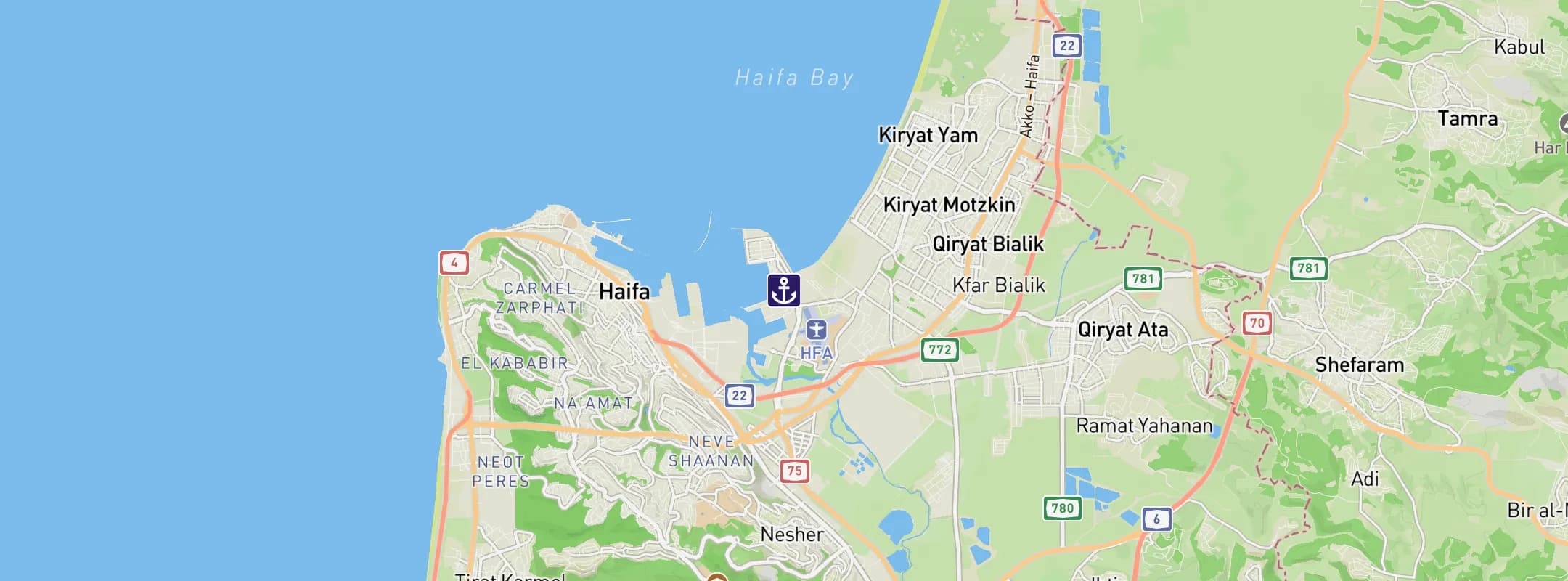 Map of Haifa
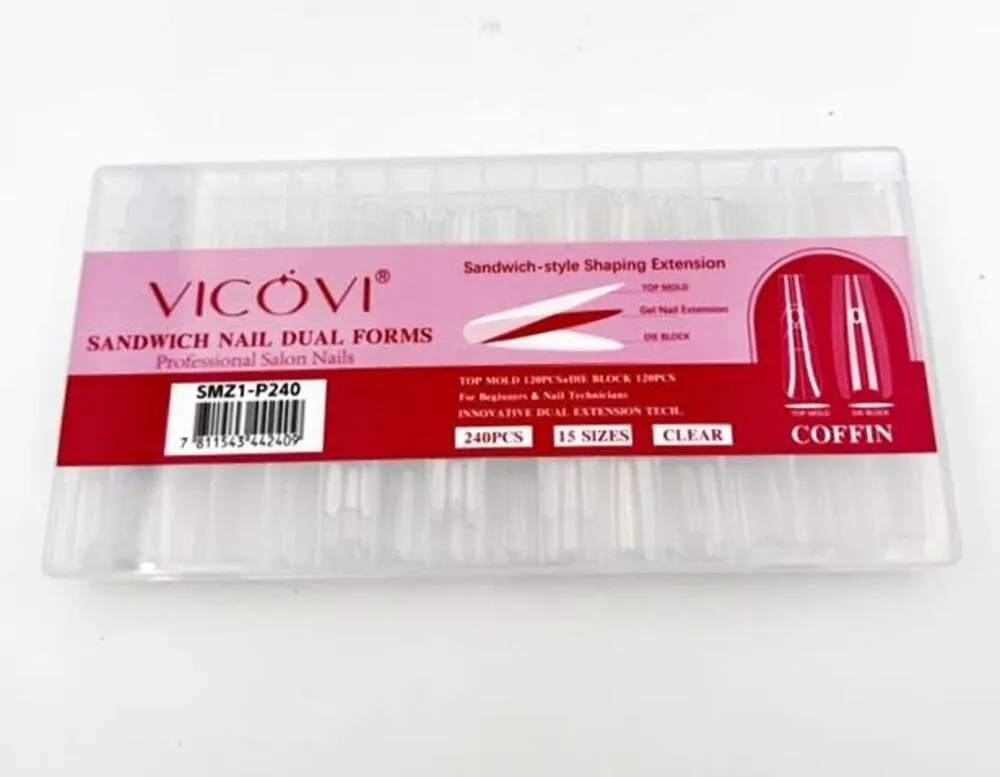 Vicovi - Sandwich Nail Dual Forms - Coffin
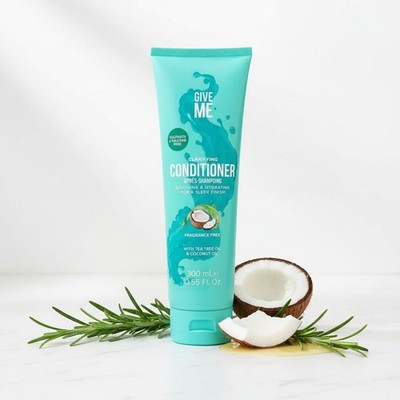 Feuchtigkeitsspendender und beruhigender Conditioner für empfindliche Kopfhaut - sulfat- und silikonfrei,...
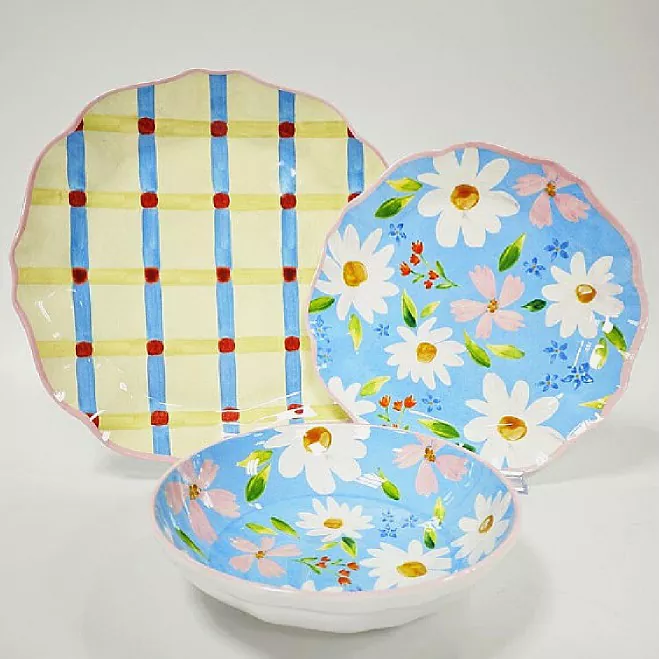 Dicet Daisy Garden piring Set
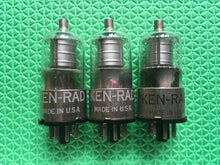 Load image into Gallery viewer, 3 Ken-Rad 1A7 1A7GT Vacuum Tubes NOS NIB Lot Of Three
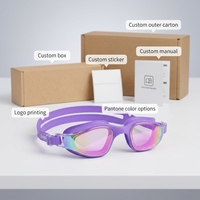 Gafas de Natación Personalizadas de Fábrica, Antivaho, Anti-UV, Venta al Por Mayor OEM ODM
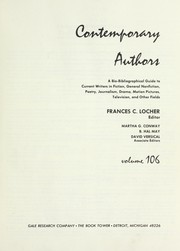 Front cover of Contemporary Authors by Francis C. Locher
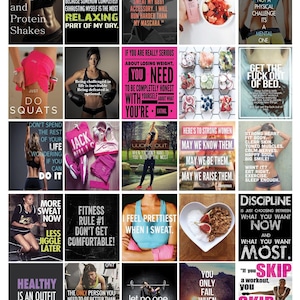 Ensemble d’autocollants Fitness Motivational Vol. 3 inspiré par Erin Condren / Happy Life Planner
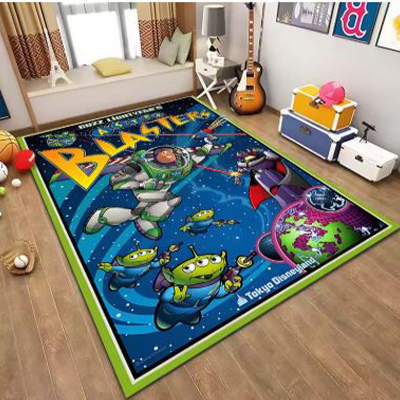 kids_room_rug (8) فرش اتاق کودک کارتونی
----
• BRIEF: Return every entry above word for word, and include no images.

• ANSWER TO THIS PROBLEM:
 Map of Haifa
 Vicovi - Sandwich Nail Dual Forms - Coffin
 Feuchtigkeitsspendender und beruhigender Conditioner für empfindliche Kopfhaut - sulfat- und silikonfrei,...
 Dicet Daisy Garden piring Set
 Load image into Gallery viewer, 3 Ken-Rad 1A7 1A7GT Vacuum Tubes NOS NIB Lot Of Three
 Gafas de Natación Personalizadas de Fábrica, Antivaho, Anti-UV, Venta al Por Mayor OEM ODM
 Front cover of Contemporary Authors by Francis C. Locher
 Ensemble d’autocollants Fitness Motivational Vol. 3 inspiré par Erin Condren / Happy Life Planner
 kids_room_rug (8) فرش اتاق کودک کارتونی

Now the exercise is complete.